Resûlü Ekrem mi’racta semâvâtı dolaştı…
Semâvât bir mekândır.
Fakat içi Lâ mekândır.
Mekânsızlık…
Mekânsızlık, Lâ mekân ne demektir.
Bunu bil!..
Fakat kolay değil…
Hiç birşey yokken yokluk bile yoktu.
ALLAH vardı.
Onun “başı sonu yok”.
Bu lâfı edeble, aczla, anlamaya çalış.
O zaman Resûlü Ekrem’in sözünü dinle:
“Namaz mü’minin miracıdır.”
Bu ne demektir.
Namaz, mekânda iken Lâ mekâna dalmaktır.
Resûlü Ekrem:
“gözümün nûru namaz” buyurmuştur…
Gözümün nûru ne demek?
O göz “Hakk” ile bakar. O nûrdur demektir.
Resûlü Ekrem :
“Ben Rabbımı mi’racta genç bir insan şeklinde gördüm” buyuruyor.
Bir âyeti kerimede :
“Ben tekim. Doğmadım. Doğurmadım. Uyumadım. Teklerin tekiyim” buyurur.
“Kul huvallahu ahad”de de âyet “Kul” kelimesi ile başlıyor.
Bu ne demektir:
“Habibim bu hakikati söyle! Bilsinler, iman etsinler!” demektir.

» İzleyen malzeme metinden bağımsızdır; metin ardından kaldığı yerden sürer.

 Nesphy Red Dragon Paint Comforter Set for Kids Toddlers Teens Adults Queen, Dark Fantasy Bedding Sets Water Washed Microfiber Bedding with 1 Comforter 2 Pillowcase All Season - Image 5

“ALLAH’ın cemâli cennetden görülecek” dir.
Cennet nedir? Kimlere vaad edilmiştir…
Cennete girmeye değil oradan Hakkı görmeye hak kazanmak lazımdır.
“Cennet safiyeti ilâhîyede erimek yeridir”.
Cennet için çalışan bile Hakkı istemiş olmaz.
“Ben kulumla görürüm…”
O hâlde Resûlü Ekrem (Semâvât nedir? onu bilirsen), ALLAH’ı ALLAH ile görmüştür, anlarsın…
Şah damarından yakın olanla… Birlikte görmüştür.